Con crediti deteriorati che in tempi diversi hanno raggiunto

“Percentuali almeno doppie rispetto a quelle del sistema bancario, determinando tensioni di liquidità e pesanti perdite patrimoniali, all’origine del dissesto”.

Insomma, le quattro banche si erano sostanzialmente giocate l’ultima chance. Con buona pace di chi, pur non potendo influire, ha in qualche modo pagato per queste scelte. A fronte di un provvedimento di risoluzione

“gravoso per gli azionisti, per i sottoscrittori di obbligazioni subordinate, per il sistema bancario”, tuttavia “sono state evitate due soluzioni alternative ben più distruttive: il bail-in o la liquidazione coatta. In entrambi i casi – secondo Barbagallo –  le conseguenze sistemiche sarebbero state ben più gravi rispetto a quella della risoluzione”.
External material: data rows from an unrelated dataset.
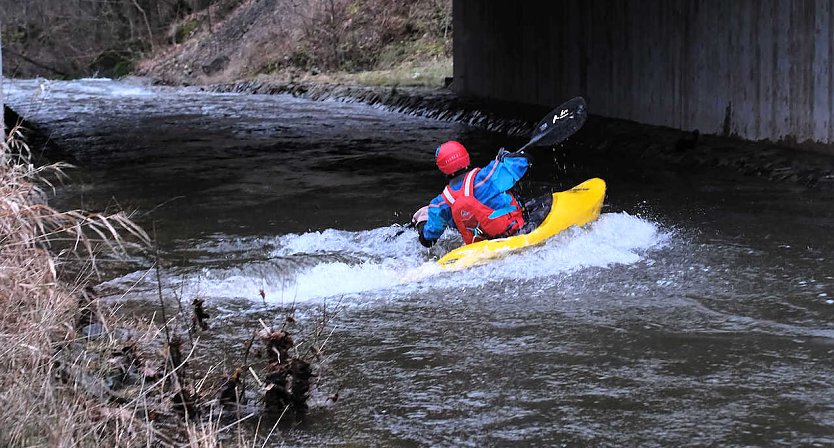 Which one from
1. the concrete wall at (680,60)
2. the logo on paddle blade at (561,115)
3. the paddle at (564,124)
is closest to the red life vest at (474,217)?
the paddle at (564,124)

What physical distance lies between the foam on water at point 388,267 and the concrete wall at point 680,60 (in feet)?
12.8

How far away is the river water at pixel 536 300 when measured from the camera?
441 cm

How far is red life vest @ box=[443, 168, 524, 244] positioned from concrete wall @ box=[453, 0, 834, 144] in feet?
16.4

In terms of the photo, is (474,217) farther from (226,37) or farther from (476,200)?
(226,37)

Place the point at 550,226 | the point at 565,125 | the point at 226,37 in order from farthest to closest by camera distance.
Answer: the point at 226,37 < the point at 565,125 < the point at 550,226

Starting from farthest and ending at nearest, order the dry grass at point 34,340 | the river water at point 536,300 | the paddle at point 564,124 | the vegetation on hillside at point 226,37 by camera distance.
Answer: the vegetation on hillside at point 226,37 < the paddle at point 564,124 < the river water at point 536,300 < the dry grass at point 34,340

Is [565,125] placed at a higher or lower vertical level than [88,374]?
higher

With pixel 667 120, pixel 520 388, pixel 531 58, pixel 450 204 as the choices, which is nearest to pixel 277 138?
pixel 531 58

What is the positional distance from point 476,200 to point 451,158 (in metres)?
0.37

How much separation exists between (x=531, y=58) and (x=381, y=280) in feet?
39.7

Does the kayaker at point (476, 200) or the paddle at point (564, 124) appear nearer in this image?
the kayaker at point (476, 200)

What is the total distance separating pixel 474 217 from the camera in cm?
728

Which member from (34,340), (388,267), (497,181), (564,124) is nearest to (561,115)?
(564,124)

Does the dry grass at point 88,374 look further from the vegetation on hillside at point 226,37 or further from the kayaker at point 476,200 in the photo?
the vegetation on hillside at point 226,37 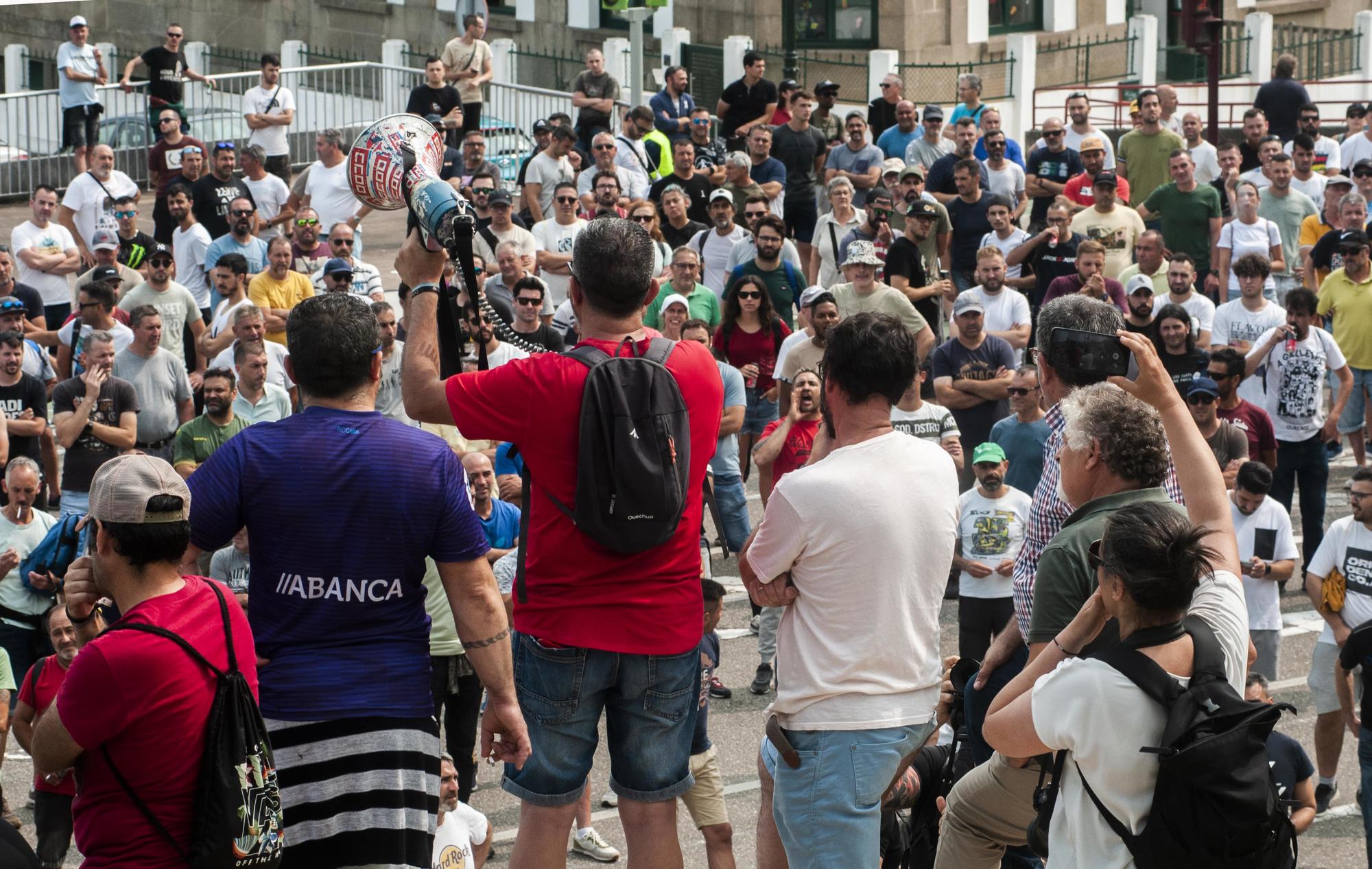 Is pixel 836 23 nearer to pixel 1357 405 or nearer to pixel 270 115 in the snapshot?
pixel 270 115

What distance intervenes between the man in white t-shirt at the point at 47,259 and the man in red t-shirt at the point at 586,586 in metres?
11.6

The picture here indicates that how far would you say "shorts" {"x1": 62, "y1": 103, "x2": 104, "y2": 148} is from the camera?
71.4 feet

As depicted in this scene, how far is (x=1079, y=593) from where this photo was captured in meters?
4.34

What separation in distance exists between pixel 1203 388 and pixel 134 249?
916cm

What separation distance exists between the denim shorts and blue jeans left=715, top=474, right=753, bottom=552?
6.62 meters

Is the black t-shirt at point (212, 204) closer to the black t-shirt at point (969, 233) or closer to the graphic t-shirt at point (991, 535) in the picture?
the black t-shirt at point (969, 233)

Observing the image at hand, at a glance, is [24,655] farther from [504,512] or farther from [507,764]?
[507,764]

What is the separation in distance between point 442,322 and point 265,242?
11255 mm

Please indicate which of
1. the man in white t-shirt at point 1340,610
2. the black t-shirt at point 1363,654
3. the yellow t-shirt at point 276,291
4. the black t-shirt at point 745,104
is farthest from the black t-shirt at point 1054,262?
the black t-shirt at point 1363,654

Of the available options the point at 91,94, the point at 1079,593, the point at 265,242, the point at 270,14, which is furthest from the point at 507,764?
the point at 270,14

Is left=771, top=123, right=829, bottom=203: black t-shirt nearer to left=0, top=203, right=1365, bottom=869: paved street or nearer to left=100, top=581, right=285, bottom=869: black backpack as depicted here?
left=0, top=203, right=1365, bottom=869: paved street

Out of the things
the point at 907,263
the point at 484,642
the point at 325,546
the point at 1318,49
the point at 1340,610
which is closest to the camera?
the point at 325,546

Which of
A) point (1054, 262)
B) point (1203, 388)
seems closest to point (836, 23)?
point (1054, 262)

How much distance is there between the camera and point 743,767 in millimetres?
9109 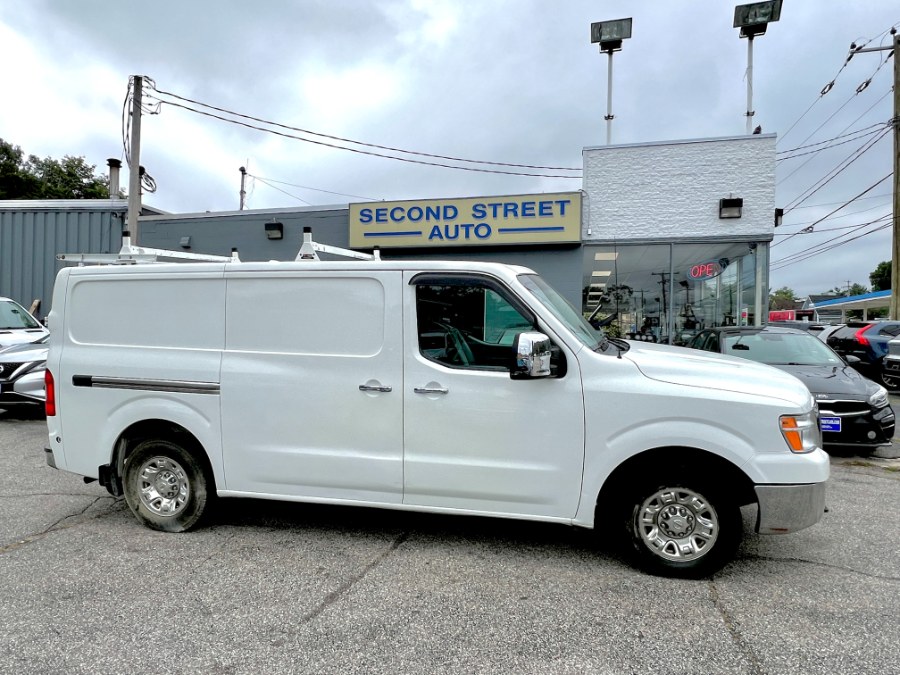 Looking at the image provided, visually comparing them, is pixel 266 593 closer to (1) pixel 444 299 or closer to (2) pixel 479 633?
(2) pixel 479 633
Sul capitolo ispezioni il capo della Vigilanza è netto: proprio grazie al lavoro fatto è stato possibile affrontare la situazione:

“Dal 2008 fino al commissariamento sono state condotte 18 ispezioni, equamente distribuite tra le quattro banche. E’ grazie ad esse che sono emersi i problemi. –  Barbagallo ha precisato che “ai primi esiti negativi di tali accertamenti la Vigilanza ha rafforzato i controlli”. Nel periodo considerato “sono state irrogate oltre 140 sanzioni a persone fisiche, per un totale di 14,4 milioni di euro”.
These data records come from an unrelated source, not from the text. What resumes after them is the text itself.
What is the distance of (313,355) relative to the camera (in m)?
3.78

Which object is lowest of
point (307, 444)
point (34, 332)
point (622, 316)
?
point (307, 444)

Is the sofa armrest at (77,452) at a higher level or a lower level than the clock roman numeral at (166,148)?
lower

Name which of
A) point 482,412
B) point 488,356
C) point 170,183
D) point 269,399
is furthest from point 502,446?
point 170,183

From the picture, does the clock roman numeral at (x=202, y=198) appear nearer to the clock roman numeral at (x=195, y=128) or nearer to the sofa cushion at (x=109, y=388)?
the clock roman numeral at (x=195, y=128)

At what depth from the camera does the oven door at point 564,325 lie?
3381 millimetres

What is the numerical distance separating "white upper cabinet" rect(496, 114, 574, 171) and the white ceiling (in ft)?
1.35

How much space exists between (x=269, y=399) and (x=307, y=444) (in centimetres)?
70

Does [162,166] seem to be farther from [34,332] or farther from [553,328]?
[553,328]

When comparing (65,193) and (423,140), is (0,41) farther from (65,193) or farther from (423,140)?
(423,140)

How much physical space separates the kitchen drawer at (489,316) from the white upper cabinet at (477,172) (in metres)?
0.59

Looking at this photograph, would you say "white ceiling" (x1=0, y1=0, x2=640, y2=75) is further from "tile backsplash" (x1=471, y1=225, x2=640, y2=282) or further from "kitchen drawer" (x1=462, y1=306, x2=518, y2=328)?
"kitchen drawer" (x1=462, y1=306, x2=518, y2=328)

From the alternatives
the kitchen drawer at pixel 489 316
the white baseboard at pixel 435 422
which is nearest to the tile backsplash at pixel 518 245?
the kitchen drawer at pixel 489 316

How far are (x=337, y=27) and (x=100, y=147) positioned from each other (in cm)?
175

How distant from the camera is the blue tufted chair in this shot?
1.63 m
Parlando dell’insufficiente risposta del management delle 4 banche Barbagallo ha precisato che

“i rafforzamenti patrimoniali non si sono talvolta nemmeno realizzati; i ricambi degli esponenti di vertice non ne hanno migliorato i comportamenti; la pervicace difesa dell’autonomia ha scoraggiato la ricerca di potenziali acquirenti”.

Resta poi inamovibile un dato: le banche sono imprese e la Vigilanza non ha potere sostitutivo, può segnalare i problemi, stimolare interventi, ma per la soluzione è necessaria la collaborazione dei vertici azindali:

“Gli azionisti di maggioranza devono consentire che la banca diventi contendibile se non hanno risorse sufficienti per sostenerla; – ha detto Barbagallo –  l’assemblea dei soci deve sostituire con soggetti adeguati gli organi amministrativi e di controllo che si rivelino inadatti; il Consiglio di amministrazione e il Collegio sindacale devono intervenire sulla Direzione quando le criticità sono ascrivibili a quest’ultima”.

Secondo Barbagallo:

“Nella nostra esperienza sono minoritari i casi in cui tutti i livelli di responsabilità aziendali si mostrano refrattari a sanzioni, raccomandazioni e prescrizioni della Vigilanza. In questi casi non resta che disporre, al ricorrere delle condizioni di legge, gli interventi di rigore: dal commissariamento alla liquidazione. Da quel momento la crisi è conclamata, anche se l’autorità di Vigilanza ha fatto, tempo per tempo, quanto possibile per evitarla. Questo – ha conlcuso – è quanto accaduto per le quattro banche, di cui è stata disposta l’amministrazione straordinaria all’emergere dei presupposti di legge”.